There have been different versions regarding the status of the transfer of S-300 missile systems from Russia to Syria, and a CNN report that US intelligence officials have been tracking three Russian vessels in recent days that loaded equipment suspected as S-300 system components and made their way to Syria’s Tartus port. Against the background of these events, a comprehensive investigation carried out in the past few days reveals that it represents a military route of Russian naval vessels departing from a Russian military base in the Black Sea.
Russian military officials admitted at the start of the year, in local interviews, that the port in Novorossiysk is being serves for a military route for transferring weapons to the port of Tartus. The suspicions are that Russia also began transferring S-300 system components from the neighboring Russian Air Defense Battalion 1537. Two portable S-300 batteries are deployed at the base, which were recently upgraded with advanced S-400 systems.
The suspected equipment was loaded in the past few days onboard two Russian large landing ships that make their way along the axis between ports of Novorossiysk and Sevastopol on a fairly regular basis – once every week or two – through the Turkish Dardanelles straits to the Mediterranean. From there they make their way to the Russian naval base in the Syrian Tartus port. The landing ships, which are used to land motorized forces, can hold cargo of up to 5,000 tons within a cargo deck at a size of 630 square meters.
In the past two weeks, the large landing ships Azov and Nikolay Filchenkov were spotted crossing the Turkish Dardanelles straits on May 19. Both ships were spotted again on May 27 as they made their way back through the straits to the Black Sea. In the past months, the large landing ships Alexander Shabalin and Kaliningrad also visited the port of Tartus.
What happened with the old battery components?
There are those who claim that Russian never planned to produced and supply the new S-300 systems to Syria, but rather existing Russian military systems, with the Russian military receiving the new S-400 systems from the company Almaz-Antei in exchange. It is possible that the only new components in the deal are the trailers and missile launcher parts produced by the Russian factory Nizhny Novgorod – which noted in its annual report for 2011 a contract for supplying these components to Syria for six S-300PMU-2 portable batteries, to be supplied between 2013-2014.

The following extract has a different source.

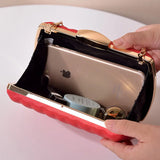 Pink PU Leather Pillbox Bag Women Cuite Shell Evening Bag Female Clutch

The assessment is that if Russia began moving S-300 system components, it is doing it gradually and in several configurations: shipping heavy tools such as trailers and trucks with the weapon systems on them, shipping control and fire rooms, and the shipping of radar components.
These would suffice to establish an infrastructure for deploying S-300s for training purposes while still allowing Russia to claim that it did not supply or conclude the weapon deal with Syria.
The last and central component that turns the system operational is, of course, the missiles – 144 of them according to the contract, which can be transferred by air or by sea, in a short period of time and at a timing suitable to Russia, without harming the Syrian training stages.
A senior official in the antiaircraft layout assessed that such a battery could become operational within one month from the delivery of the missile components (by air or by sea). However, work is required to prepare the site where the battery is intended to be deployed. According to the senior official, Syria requires 10 systems in order to hermetically seal its airspace. According to the contract, Syria has acquired six systems. The Russian navy has a logistic base at the port of Tartus, which also has an antiaircraft site by it that includes a large war reserve-stores unit. This is one of Syria’s most strategic antiaircraft sites, which will apparently be one out of a small number of sites that will acquire the S-300 systems, if not the first among them, in light of its close proximity to the Russian naval base in Tartus.